Признаюсь, Эдуард Макарович, летом на море вы показались мне клубком нервов, впрочем, как и остальные члены группы. Драйв безумный, в чем причина?

– Сверхзадача сериала (в исходном варианте он назывался «Жар нежных»), если грубо ее формулировать, заключалась в следующем: влезть человеку под кожу. В момент съемок приходилось решать, как это сделать. Собственно у фильма не было в привычном понимании сценария. Зачаточная идея принадлежала нашему продюсеру Виталию Манскому, он уже снимал диких курортников в режиме программы «В мире животных» (дф «Бродвей. Черное море», 2002). Но у Манского получилась мозаика натуралистичных впечатлений, а мы пошли путем создания историй с персонажами.

Киносъемочное оборудование было рассредоточено в радиусе 1500 метров; зона наблюдения включала Туапсе, бухту Инал, Джубгу, Лермонтово, эпицентром служил автокемпинг «Радужный». У всеведающих спасателей, например, мы установили одну камеру. Из палатки в кемпинге занимались ночной видеосъемкой и т.д. Но при этом старались избегать провокаций в стиле «За стеклом», предпочитали меньше подглядывать, чаще созерцать.

В этом новом реальном кино персонажи подчас, кажется, выныривают из мутного бульона будней прямо под вашу камеру и признаются «на всю страну» в тако-о-ом! беспутстве мыслей, что диву даешься, как они тут на пляже-то одичали. Получается какой-то безумный аквапарк с цитатами на злобу то ли дня, то ли вечности, где уживаются средь синего моря белеющие одиноким парусом стихи Лермонтова и политкорректные картинки президента Путина, произносящего свой коротенький пионерский приговор всему окружающему безобразию: «…Мне захотелось заплакать, когда приехал сюда. Человек ко всему привыкает, думаю, и вы привыкли». И вот хочется спросить полушутя: «Кто угодил в вашу саркастическую панораму – не те ли, у кого даже мечты запрограммированы теле-ящиком?»

– Я за умное кино. Без мишуры, без социальных додумок. Сложность в том, как достичь этой цели, как просветить человека рентгеновскими лучами и поставить ему точный диагноз. Ведь если посадить его просто на стул перед камерой, то он начинает разрушаться. Сердце, душа, мироощущение – все это очень хрупко. Поэтому мы приучали персонажей к непрестанному видео-наблюдению, они начинали нам доверять: видели камеры, но они при этом не изображались, а вели себя естественно. Из этих редких кадров и смонтирован «Дикий…пляж». Вот отец мечется на пляже, недоглядел, дочка пропала; там мальчика-утопленника несут; вдруг шальная баба выпрыгивает из темноты экрана: «Хочешь сиськи, на – смотри…»; здесь крутят менты руки толстопузому пляжному барону; а далее прячет слезы фотограф над трупом кроткого верблюжонка, которого сам же и заездил в погоне за быстрой наживой и пр. Мы сняли жизнь, в которую вошли со своими сердечными ранами…
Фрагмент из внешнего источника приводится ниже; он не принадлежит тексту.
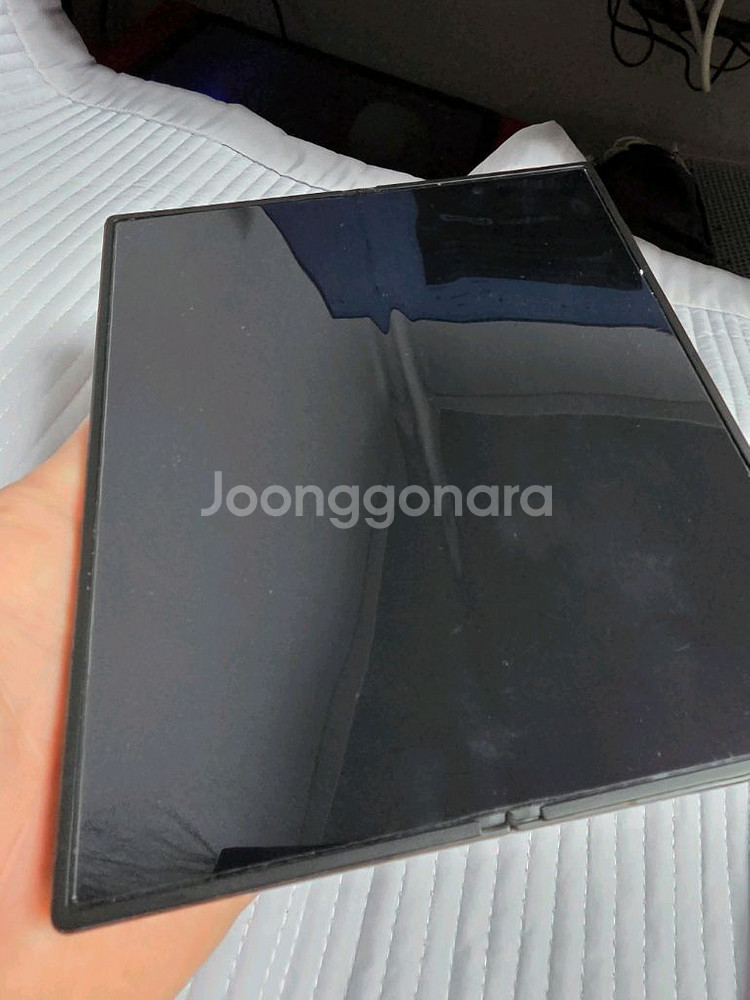 폴드6 1TB 크래프티드 블랙 판매합니다--6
Когда режиссер сказал МОТОР

Ваш видеоряд легко можно озвучить голосом Сталкера Тарковского: «Вот и лето прошло… Только этого мало». Отчего горечи столько в этом кино? От пристального взгляда на снимаемых или, по большому счету, это сумма настроений снимающих фильм?

– Настроение идет от снимающих в направлении к той правде, которая скрыта в самих героях. И я так думаю, что эта горькая правда лучше, чем сладкая ложь.